Overall group sales for the full-year 2017, including discontinued operations, fell 7.7% to €402.8m from €436.3m.

Excluding divested businesses, sales were down 8.9% to €306.8m.

Total group earnings (including divested businesses) fell 9.5% to €45.9m, representing 11.4% of net sales compared to 11.6% last year.

In the final quarter of the year Rasio’s net sales rose to €97.3m from €95.4m including discontinued operations and to €72m from €70.7m excluding sold businesses. However, group EBIT fell back to €9.2m in the period compared to €12m last year.

CEO Pekka Kuusniemi said its profits fall was “primarily due to the challenges of the UK confectionery business that continued until the end of 2017”.

Its UK confectionery business, including Fox’s Glacier Mints, was sold in December to Valeo Foods.

Benecol’s EBIT was also significantly down due to higher subcontracting costs of consumer products and the sharp world market price increase of sterols used as raw material in Benecol products, since higher costs could not fully be passed on to end product prices.

However, he added that Raisio has secured the availability and price level of sterols required for its production “in the coming years”.

He said: “The confectionery business divestment in December 2017 was Raisio’s first strategic step towards its focus, namely its core business Healthy Food. Together with the already strong balance sheet, the proceeds from the confectionery deal allow extensive acquisitions.”

Last month Raisio announced it is considering the sale of its feed business as part of a wider restructure to focus on healthy foods that will include around 30 job cuts.
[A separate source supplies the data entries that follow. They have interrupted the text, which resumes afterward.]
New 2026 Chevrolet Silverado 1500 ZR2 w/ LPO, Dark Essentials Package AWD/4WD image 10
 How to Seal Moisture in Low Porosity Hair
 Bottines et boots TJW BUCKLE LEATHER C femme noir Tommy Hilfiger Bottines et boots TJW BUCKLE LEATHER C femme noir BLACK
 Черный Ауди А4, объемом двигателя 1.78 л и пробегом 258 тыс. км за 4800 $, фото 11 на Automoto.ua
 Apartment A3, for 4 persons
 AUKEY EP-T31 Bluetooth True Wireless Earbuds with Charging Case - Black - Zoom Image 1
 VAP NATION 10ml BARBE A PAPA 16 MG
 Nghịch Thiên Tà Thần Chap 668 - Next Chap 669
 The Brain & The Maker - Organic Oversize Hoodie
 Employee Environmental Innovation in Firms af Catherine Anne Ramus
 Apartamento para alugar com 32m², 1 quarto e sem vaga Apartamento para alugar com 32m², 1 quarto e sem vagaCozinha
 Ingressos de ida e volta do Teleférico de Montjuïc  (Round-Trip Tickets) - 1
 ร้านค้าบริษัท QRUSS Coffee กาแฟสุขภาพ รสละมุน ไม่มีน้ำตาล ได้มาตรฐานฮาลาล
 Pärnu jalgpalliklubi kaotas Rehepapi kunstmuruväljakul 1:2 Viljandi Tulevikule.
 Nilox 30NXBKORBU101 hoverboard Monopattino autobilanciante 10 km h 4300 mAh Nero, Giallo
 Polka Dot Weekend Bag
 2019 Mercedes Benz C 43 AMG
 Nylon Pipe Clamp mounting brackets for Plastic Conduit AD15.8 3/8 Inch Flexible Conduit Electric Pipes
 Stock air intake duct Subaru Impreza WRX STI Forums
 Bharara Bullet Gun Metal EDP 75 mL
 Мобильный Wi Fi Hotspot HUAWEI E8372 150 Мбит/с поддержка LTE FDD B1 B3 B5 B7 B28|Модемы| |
In 2018, Raisio estimates net sales of continuing operations will “slightly” increase year-on-year.

Comparable EBIT of the Group’s continuing operations will account for more than 10 per cent of net sales, but exchange rates will continue to significantly affect Raisio’s figures.

The company stated: “Raisio’s key strategic target is growth, both organically and through acquisitions. To ensure Raisio’s organic growth, the company will move from a holding-type structure to a model in which all resources are targeted toward supporting the strategic objectives of the new Healthy Food Division.

“Raisio will also seek growth through acquisitions that suit its core business. Raisio is net debt free and has a strong balance sheet, which makes acquisitions supporting its core business possible.”